Na véspera, o técnico palmeirense enganou todo mundo, dando a entender que pouparia vários titulares. Mas, quando surgiu
o alviverde imponente, lá estavam
Alex, César Sampaio, Júnior e
"tutti quanti".
Talvez acreditando na conversa
felipina, Oswaldo de Oliveira deixou no banco Ricardinho e Luizão. Quando viu que o jogo era de
gente grande (aos 13 minutos já
estava 2 a 1 para o Palmeiras), teve de recorrer aos dois.
A zaga alvinegra também era
reserva, mas a titular não é muito
melhor.
O jogo de ontem no Morumbi
foi disputado como poucos desse
campeonato. O Palmeiras talvez
tenha tido mais chances reais de
gol, mas esbarrou numa grande
atuação de Dida, que se redimiu
da má colocação no belíssimo gol
olímpico de Alex.
O craque palmeirense, aliás,
praticamente só tocou duas vezes
na bola no primeiro tempo: uma
para fazer o olímpico, outra para
dar o passe açucarado para o gol
de Pena.
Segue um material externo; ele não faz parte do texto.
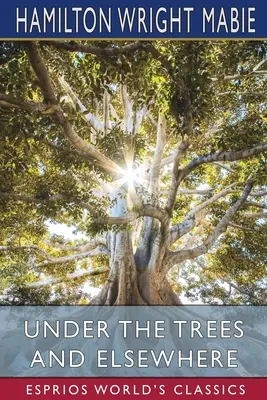 Pod stromami a inde (Esprios Classics) - Under the Trees and Elsewhere (Esprios Classics)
Precisava mais?
A eficiência de Alex encontrou o
contraponto simétrico em Marcelinho, autor dos dois gols corintianos. O primeiro, de cabeça, deveu
muito ao cruzamento milimétrico
de Dinei; o segundo, de falta, foi
um daqueles lances em que seu pé
direito parece virar mão: Marcos
nem se mexeu.
É interessante isso: o jogo pode
ser disputado palmo a palmo,
com trombadas e divididas de tirar faísca, mas o que decide, às vezes, é a sutileza de um toque. O
clássico de ontem foi decidido nos
pés de anjo de Alex e Marcelinho.
O segundo tempo teve momentos mais frouxos, mas voltou a esquentar à medida que o final se
aproximava. Bolas na trave,
grandes defesas, lances ríspidos.
Um jogo que poderia ter acabado
tranquilamente em 5 a 5.
Por tudo isso, na próxima vez
que lhe disserem que um Corinthians x Palmeiras vai ser café-
com-leite, não acredite.
Tanto corintianos como palmeirenses podem enfrentar de cabeça
erguida seus adversários pela Libertadores, no meio da semana.
Mais do que se tivessem descansado fora ou dentro de campo.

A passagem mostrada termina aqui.